--- PROVIDED MATERIAL ---
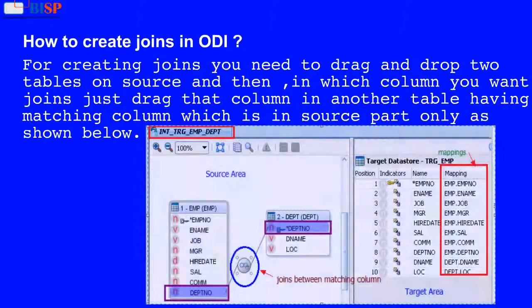How to create joins in ODI? For creating joins, you need to drag and drop two tables on the source, and then in whichever column you want joins, just drag that column onto the other table having a matching column, which is in the source part only, as shown below.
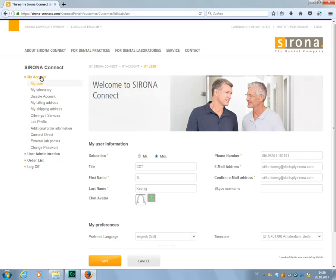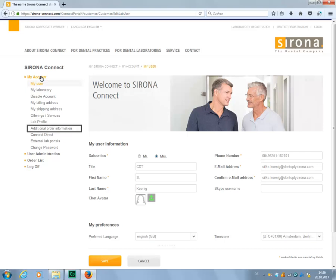In this tutorial, we will be focusing on two of the submenus. First, we will look at the lab profile. Then we will take a closer look at the additional order information.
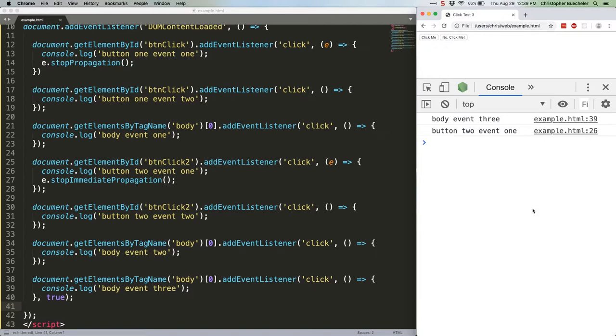We could, of course, add a stopImmediatePropagation or even a regular stopPropagation to that final piece of code, and it would stop everything, because both the target and bubbling phases come after capturing.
---
**TASK GOAL:**
Give back the listing exactly, with the pictures removed.

**THE ANSWER:**
How to create joins in ODI? For creating joins, you need to drag and drop two tables on the source, and then in whichever column you want joins, just drag that column onto the other table having a matching column, which is in the source part only, as shown below.
In this tutorial, we will be focusing on two of the submenus. First, we will look at the lab profile. Then we will take a closer look at the additional order information.
We could, of course, add a stopImmediatePropagation or even a regular stopPropagation to that final piece of code, and it would stop everything, because both the target and bubbling phases come after capturing.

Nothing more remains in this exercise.